Question Speculation: RDNA2 + CDNA Architectures thread

Page 120 - Seeking answers? Join the AnandTech community: where nearly half-a-million members share solutions and discuss the latest tech.

uzzi38

Platinum Member
Oct 16, 2019
2,622
5,879
146
All die sizes are within 5mm^2. The poster here has been right on some things in the past afaik, and to his credit was the first to saying 505mm^2 for Navi21, which other people have backed up. Even still though, take the following with a pich of salt.

Navi21 - 505mm^2

Navi22 - 340mm^2

Navi23 - 240mm^2

Source is the following post: https://www.ptt.cc/bbs/PC_Shopping/M.1588075782.A.C1E.html
 

Zstream

Diamond Member
Oct 24, 2005
3,396
277
136
A little follow up.

If RDNA2 achieved 10% IPC increase - 80 RDNA2 CUs at 1.8 GHz will perform just like 88 RDNA1 CUs clocked at 1.8 GHz.

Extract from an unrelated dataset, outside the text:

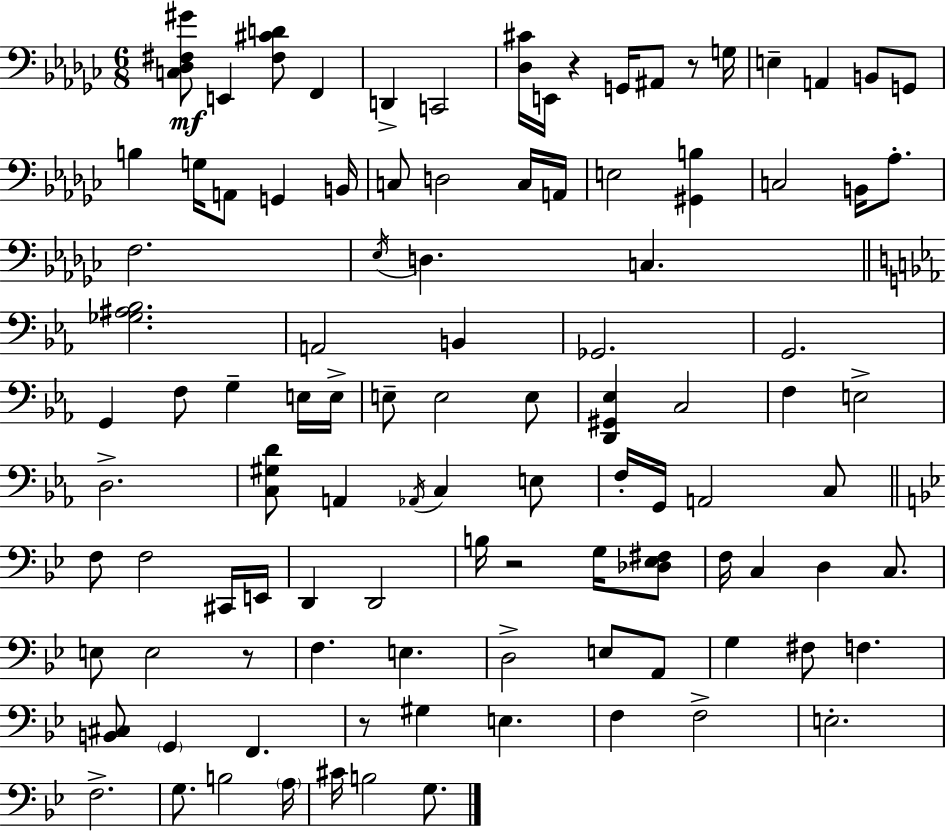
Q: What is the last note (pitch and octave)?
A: G3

2.2 GHz clock speeds are 16% above RX 5700 XT clock speeds(1887 MHz).

In essence, if AMD has found a way, that 256 bit memory bus is enough for 80 RDNA2 CUs that GPU should be, with full config, with 2.2 GHz around 135% above RX 5700 XT.

Around 10-15% above RTX 3090. In 4K.

And this is only with 10% IPC increase.

This is all theoretical calculation.

So we better pray, that 256 bit bus is enough to feed those CUs, and that AMD was able to find a way, that those CUs scale in performance, similarly to RDNA1 architecture.
You’re assuming it has increased IPC. Based off the demo, if THAT is their GOD card, IPC is less than 10%, and all gains are done by clock speed increases and some extra cache.
We better pray they are sandbagging for the end of month, otherwise...
 

andermans

Member
Sep 11, 2020
151
153
76
They double the number of CUs so IPC of the whole GPU should have increased by quite a lot actually :)

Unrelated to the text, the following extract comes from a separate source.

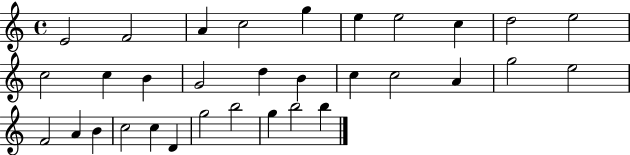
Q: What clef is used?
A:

On a more serious note, I think improvements due to better caching are counted in the IPC number? (as in performance = (perf per instruction) * (instructions per clock) * (clock frequency). The component increasing with a better cache would be IPC)

My stock rx 5700xt has ~2020 MHz as top level in the powerplay table (even though it doesn't achieve it for more than a few seconds) so with the 2050-2200 MHz top powerplay levels (i.e. like for like) that were leaked for navi 21 that is a 1.5-9% increase in clock speeds. (assuming those were accurate anyway, which I doubt)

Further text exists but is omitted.